I recently finished reading Learn you a Haskell for great good!. Even though some topics are a bit over my head (Monads
anyone?), I wanted to try my hand at a fairly difficult problem. I chose to write a eval function that correctly handles parenthesis and the order of operations.
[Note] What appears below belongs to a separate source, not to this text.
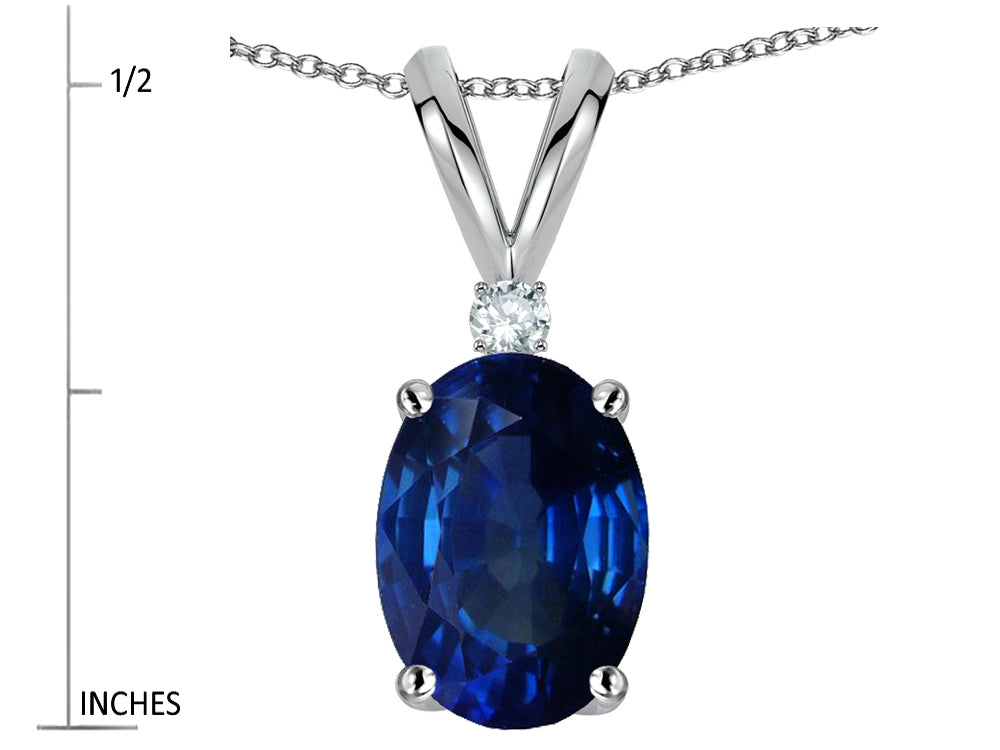 Star K Oval 7x5mm Created Sapphire Classic Rabbit Ears Pendant Necklace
I think this is pretty good, but I can see some things that need improvement.
module Eval where
data Token = Times | Div | Add | Sub | LPren | RPren | Number Float
deriving (Show, Eq)
tokenise :: String -> Token
tokenise n = case n of
"*" -> Times
"/" -> Div
"+" -> Add
"-" -> Sub
"(" -> LPren
")" -> RPren
_ -> Number $ read n
parse :: String -> [Token]
parse s = map tokenise $ tokens s
reduce :: [Token] -> Float
reduce tokens = let groups = prenGroups tokens
results = map reduce groups
leftover = substitute tokens results
orderOfOps = [Times, Div, Add, Sub]
in unpackNum $ head $ foldl (flip reduceAllOfOp) leftover orderOfOps
-- The expression passed to this function must be ONLY numbers an ops in proper form,
-- num, (op, num)*
reduceAllOfOp :: Token -> [Token] -> [Token]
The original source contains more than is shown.